3 de abril de 2010

Sábado de Aleluia


A malhação de Judas
Afinal, a vítima é o traidor ou o traído? – Uma questão de ponto de vista, diria o Homem Pendurado, acostumado com mudanças bruscas de perspectiva - acordei pensando neste sábado de Aleluia. Oportuno lembrar do tema "traição" enquanto se malha o Judas, aquele que entregou Jesus por 30 moedas de prata segundo a versão tradicional. Outros dizem que Judas era o melhor amigo de Jesus, seu guarda-costas. Nesse ângulo de visão teria ajudado o Filho do Homem a cumprir seu destino. 'Mui amigo', mas vá lá. A questão é paradoxal mesmo. Ainda mais para um arcano que está naturalmente de ponta-cabeça.


Wirth
Tem um lance no Direito que se chama "Vitimização". A pessoa provoca provoca e provoca alguém. Um dia o provocado fica bravo e castiga o provocador que, rapidamente, toma o lugar de vítima. Louco isso, a troca rápida de papéis entre o verdadeiro bode expiatório e seu algoz. Aí tem aquela fala: - Só se coloca no papel de vítima quem quer - no caso, o provocado. Haveria então um acordo praticamente tácito de alimentação entre o algoz e a vítima. Acontece entre os sado-masoquistas e também entre os que não acham que sejam sado-masoquistas. Mas nem assim encontramos uma regra.

Nem sempre a vítima é causadora da sua dor como rezam os aficcionados pela Tábua da Esmeralda e os adoradores de "O Segredo". Existem os inocentes, completamente inocentes e que entram pelo cano. Aqueles que acreditaram, que botaram fé, que deram de si o melhor. Que fizeram tudo que estava ao seu alcance. Que têm gestos positivos e de repente... Lá se foi o tapete.

Por mais que se rodeie o assunto parece que sempre voltamos ao ponto de partida, o eterno retorno. Como se O Pendurado no Tarot ficasse girando feito A Roda da Fortuna e nos colocasse tontos.

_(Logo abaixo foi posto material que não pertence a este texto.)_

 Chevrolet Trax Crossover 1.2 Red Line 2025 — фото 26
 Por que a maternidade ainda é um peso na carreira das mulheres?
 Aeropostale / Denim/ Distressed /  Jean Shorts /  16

Tem também o traidor, o algoz, que é verdeiramente traidor. Mas ele costuma ter justificativas para o gesto que, provavelmente, não chama de traição. Razões pessoais para voltar atrás no que foi combinado "na ponta do bigode", no "acordo de cavalheiros". Rói a corda. A nossa corda. Porque a própria corda é dificil, a não ser que o traidor tenha feito muitas abdominais e tenha um belo tanquinho. Movimento de iogue. Confuso esse arcano XII.

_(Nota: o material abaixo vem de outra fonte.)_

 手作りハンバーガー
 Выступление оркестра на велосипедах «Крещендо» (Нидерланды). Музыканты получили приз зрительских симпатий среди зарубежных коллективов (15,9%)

O Pendurado é o traidor ou a vítima?

É uma sensação horrível a de ser traido. Ao susto (traição sempre tem a ver com o medo) segue-se a dor e a revolta. Só quando perdoamos, nos entregamos, desistimos, que a dor da traição passa. Até lá ficamos pendurados, presos na mágoa. Causamos pena e compaixão. Perdoar nos liberta.

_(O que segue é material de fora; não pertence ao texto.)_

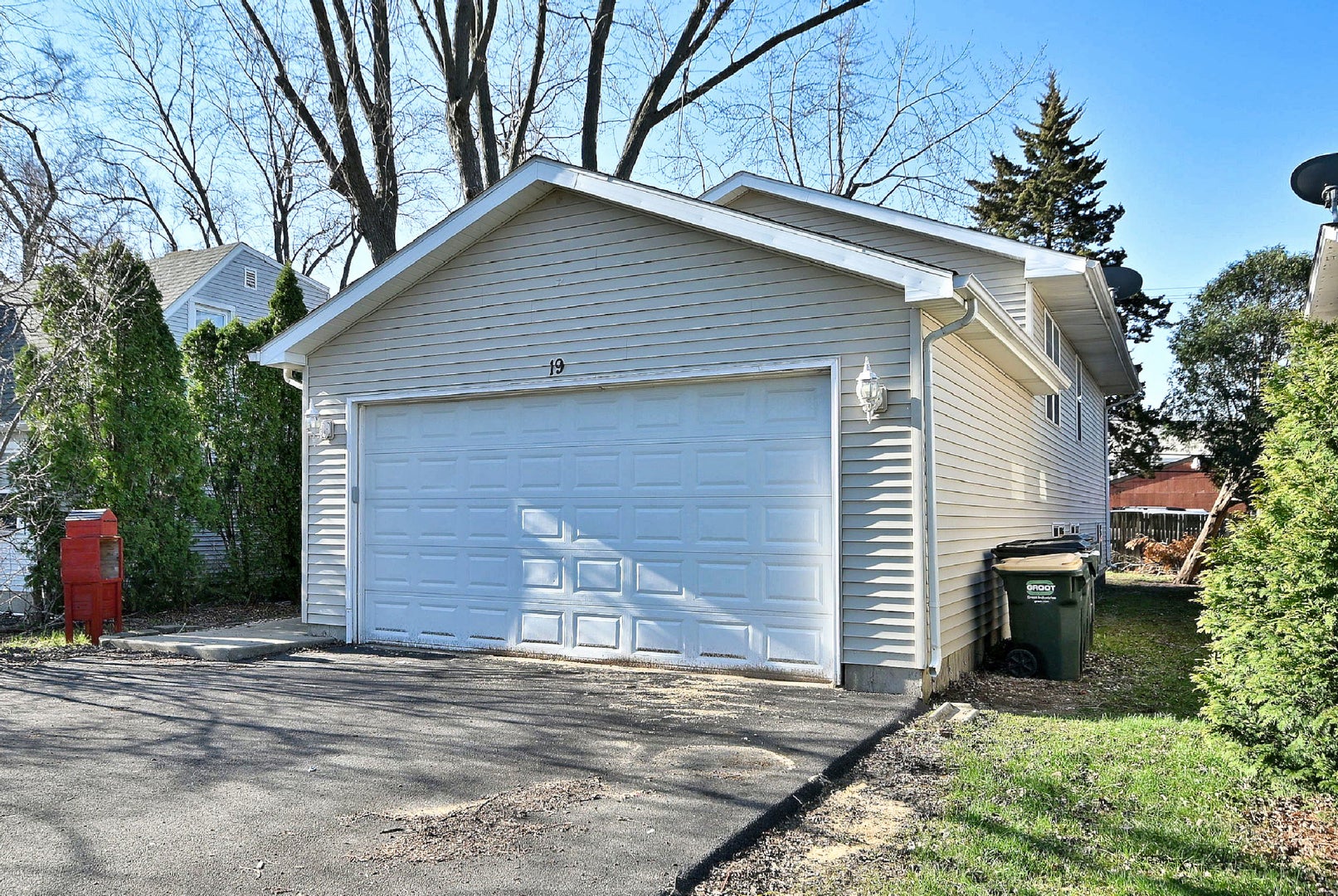 19 E Pineview Drive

Curiosamente, não existe o efeito retórico, só o prático. Se não há verdadeiro perdão, não acontece nada. A corda continua firme.

E se a idéia é se vingar do sacana, o ódio toma conta do coração. E o traidor está lá, passeando de barquinho enquanto você espuma de raiva. A vingança é um prato que se serve frio, dizemos mentalmente. E alguns acreditam mesmo em justiça divina.

Mas não será a verdadeira vítima o traidor, execrado em praça pública, apedrejado, exposto pela propria traição? Não sofrerá o traidor (ainda neste mundo) as penas decorrentes do seu gesto em foro íntimo? Uma questão de consciência:



Há os traidores arrependidos que podem inverter sua posição rapidamente. De traidores passam a heróis. A verdade sempre nos favorece, diz um amigo. A verdade funciona como um escudo, causando maravilhas, mesmo que venha atrasada. E há os que não se arrependem nunca e também se tornam heróis. E a mentira permanece. A traição é um conceito que mexe de frente com a questão da verdade e da mentira.

Não sei qual versão está certa, se Judas-Capitu traiu mesmo Bentinho. Sei que o gesto de malhar o Judas é catalisador. Melhor queimar o boneco como um rito de passagem. Marcar a testa do Espantalho com nossa fúria, aquele covarde: - Loser! gritamos em côro. Vale como gesto simbólico, esse costume popular tão antigo.


Minchiate

E reafirma que o arquétipo continua vivíssimo. Que medre então e de preferência, bem longe de nós, afinal só existe um Sábado de Aleluia ao ano. Mas se assim não for que a dor se revista do sacro-ofício, o sacrifício sagrado, naquele que encontra um sentido maior para o sofrimento.


Mas eu nunca gostei dessa história de crescer através da dor.